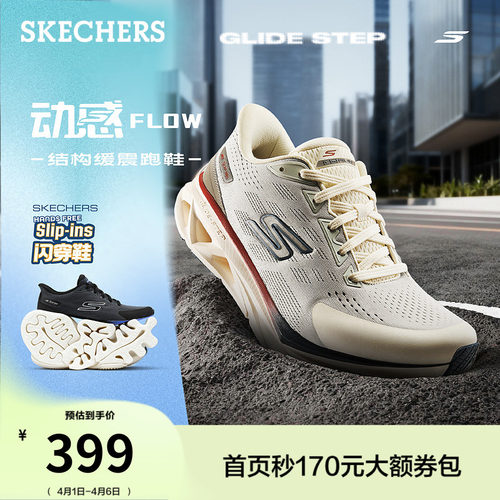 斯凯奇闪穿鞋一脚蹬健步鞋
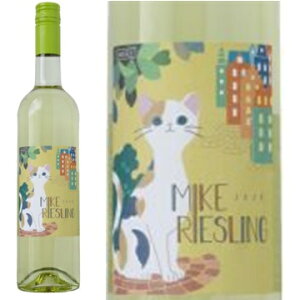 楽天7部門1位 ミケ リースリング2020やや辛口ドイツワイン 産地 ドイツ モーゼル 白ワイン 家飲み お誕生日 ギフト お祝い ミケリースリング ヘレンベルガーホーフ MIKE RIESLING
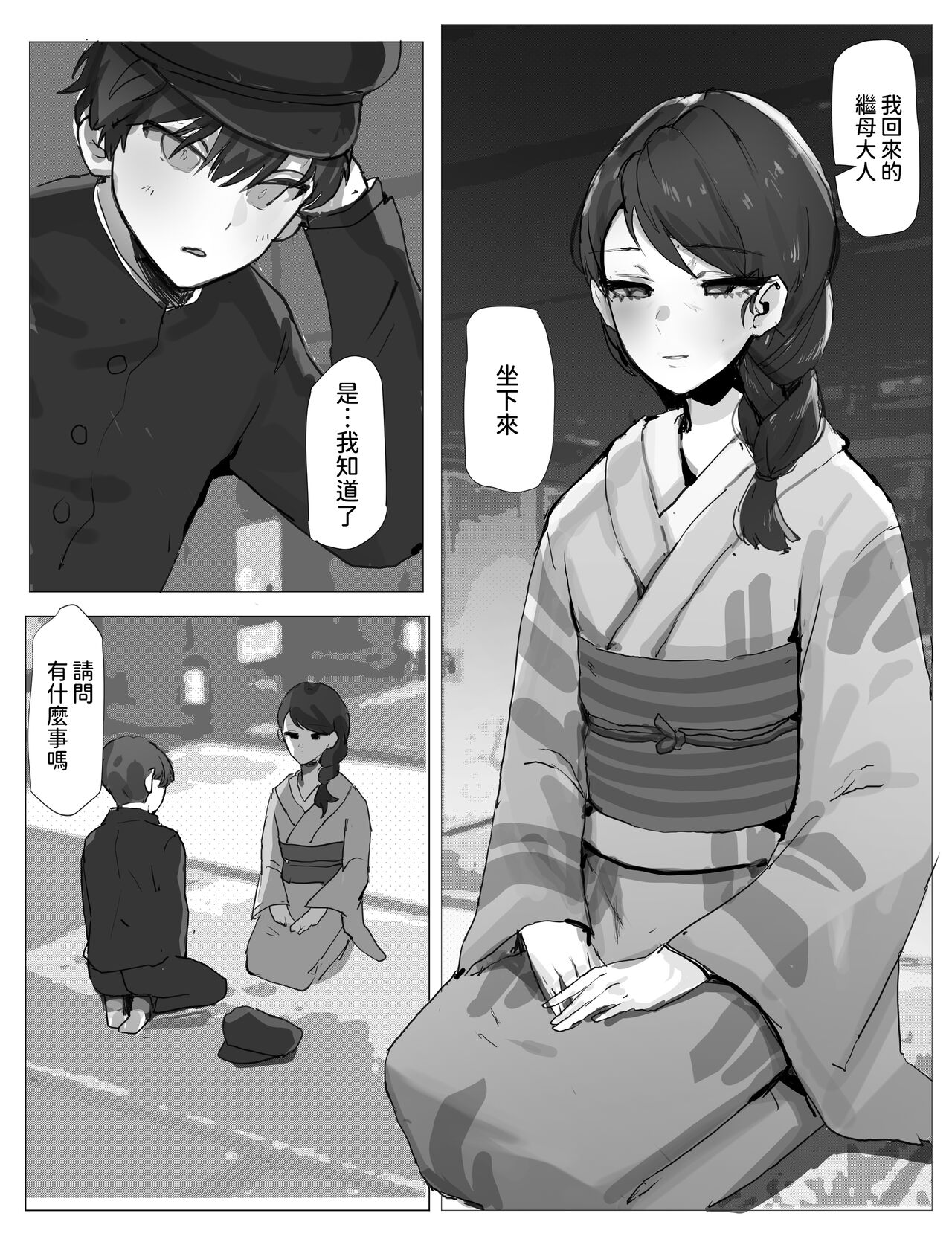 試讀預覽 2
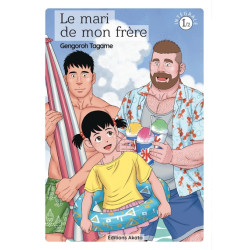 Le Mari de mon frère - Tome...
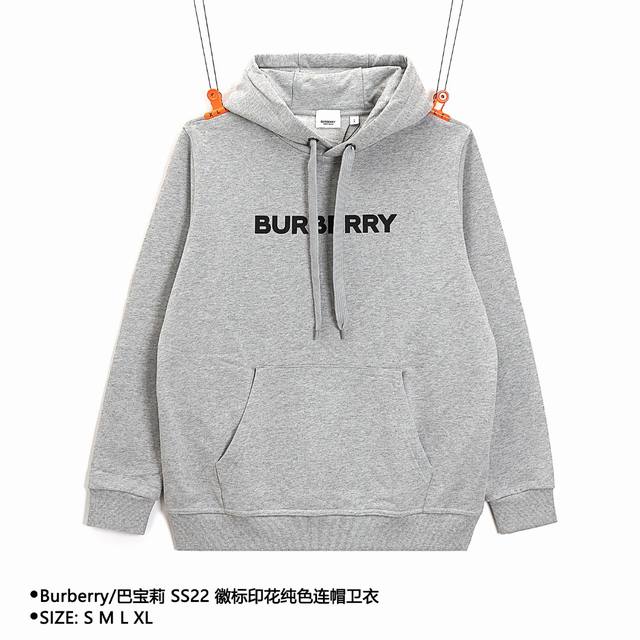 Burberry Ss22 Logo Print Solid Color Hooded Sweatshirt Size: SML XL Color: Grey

════════════════

The output should be the material above, copied exactly, without its pictures.

## Written answer:
 斯凯奇闪穿鞋一脚蹬健步鞋
 楽天7部門1位 ミケ リースリング2020やや辛口ドイツワイン 産地 ドイツ モーゼル 白ワイン 家飲み お誕生日 ギフト お祝い ミケリースリング ヘレンベルガーホーフ MIKE RIESLING
 試讀預覽 2
 Le Mari de mon frère - Tome...
 Burberry Ss22 Logo Print Solid Color Hooded Sweatshirt Size: SML XL Color: Grey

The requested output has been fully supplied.